SAMPLE PREPARATION FOR MASS SPECTROMETRY

Abstract

The present invention provides a method of preparing a sample for an analytic procedure, said sample comprising at least one protein, polypeptide or peptide molecule, and said method comprising fragmenting said molecule using at least one moving magnetic body.

Claims

1. A method of preparing a sample for an analytic procedure, said sample comprising at least one molecule selected from a protein, a polypeptide and a peptide molecule, and said method comprising: (a) fragmenting said molecule using at least one moving magnetic body to produce fragments of said molecule, wherein said at least one magnetic body performs a fluctuating or oscillating motion triggered by a fluctuating or oscillating magnetic field.

2. The method of claim 1, wherein said magnetic field is generated by an electric current and/or an electromagnet.

3. The method of claim 1, wherein: (i) said fragmenting is a non-enzymatic and non-chemical process; or (ii) said fragmenting is a chemical process comprising adding a chemical selected from CNBr, formic acid, hydroxylamine, 2-nitro-5-thiocyano benzoic acid and a protease to said sample.

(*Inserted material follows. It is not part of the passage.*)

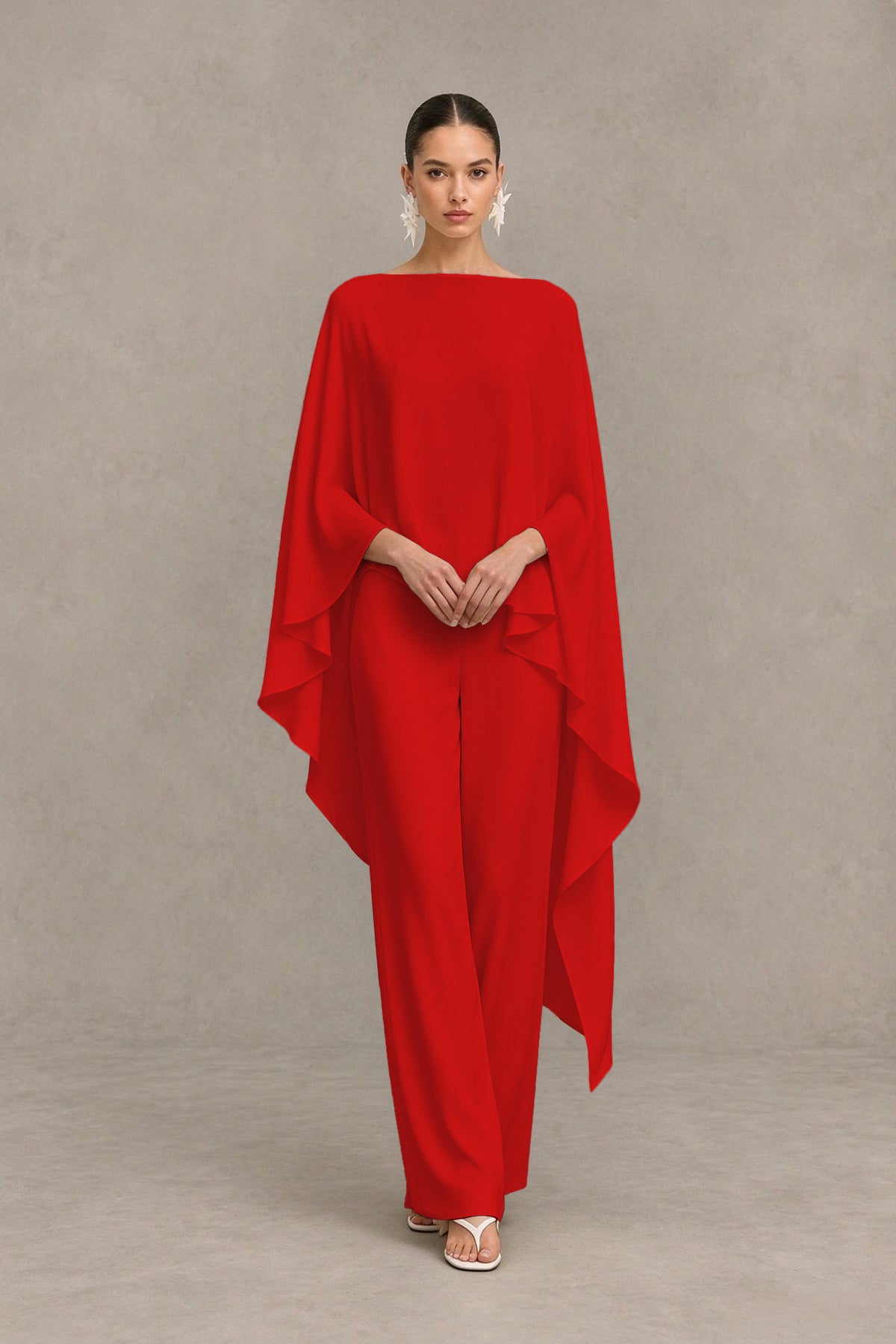 BOLODOO Red Cape Sleeve Wide-Leg Formal Pantsuit - Red - Red_04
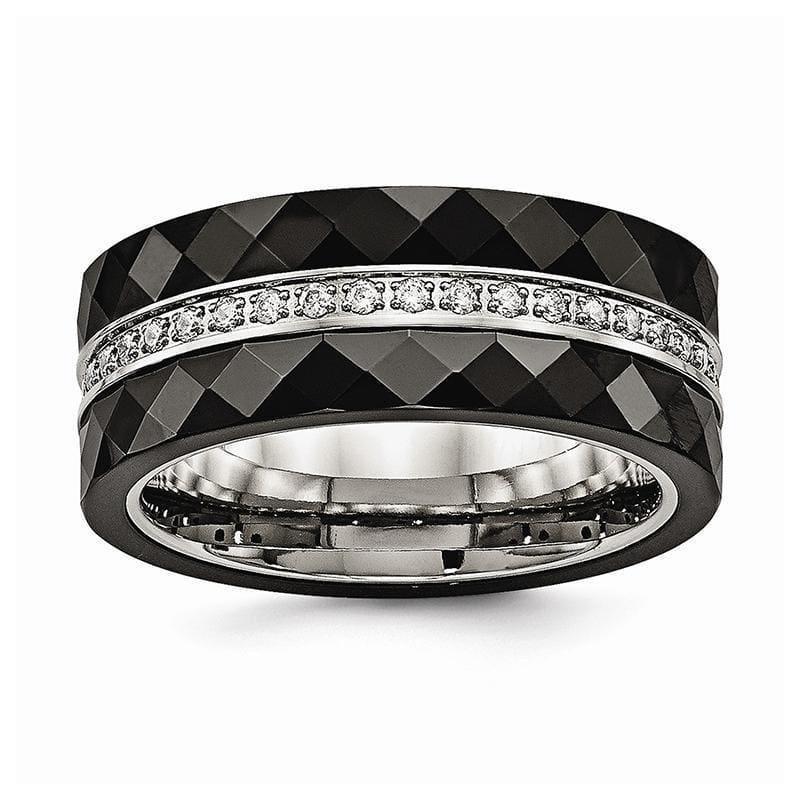 Stainless Steel Polished Faceted Black Ceramic CZ Ring - Seattle Gold Grillz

4. The method of claim 1, wherein said magnetic body collides with said molecule; and/or at least one non-magnetic particle is present, wherein said motion of said magnetic body triggers collision of said at least one non-magnetic particle with said molecule.

5. The method of claim 1, wherein said sample is of biological origin and comprises: (i) a solution or suspension of said molecule; (ii) a cell selected from a prokaryotic and an eukaryotic cell; (iii) a suspension of viruses; and/or (iv) a tissue selected from muscle tissue and brain tissue.

6. The method of claim 1, further comprising: (b) exposing said sample to heat, denaturing said sample, adding detergent to said sample, and/or adding a chaotropic agent to said sample, wherein step (b) is performed prior to or concomitantly with step (a).

7. The method of claim 1, further comprising: (c) chemically modifying said molecule and/or the fragments of said molecule.

8. The method of claim 1, wherein said analytic procedure is mass spectrometry (MS).

9. The method of claim 7, wherein said chemically modifying said molecule and/or the fragments of said molecule is selected from: (ca) reducing a disulfide; (cb) alkylating a thiol group; (cc) cross-linking; or (cd) any combination of (ca), (cb) and (cc).

10. The method of claim 1, further comprising adding at least one of an inert viscous liquid; a polyacrylamide gel; agarose gel; an aerogel; and a zeolith to said sample.

11. The method of claim 1, further comprising: (d) cleaning and/or enriching the obtained fragments.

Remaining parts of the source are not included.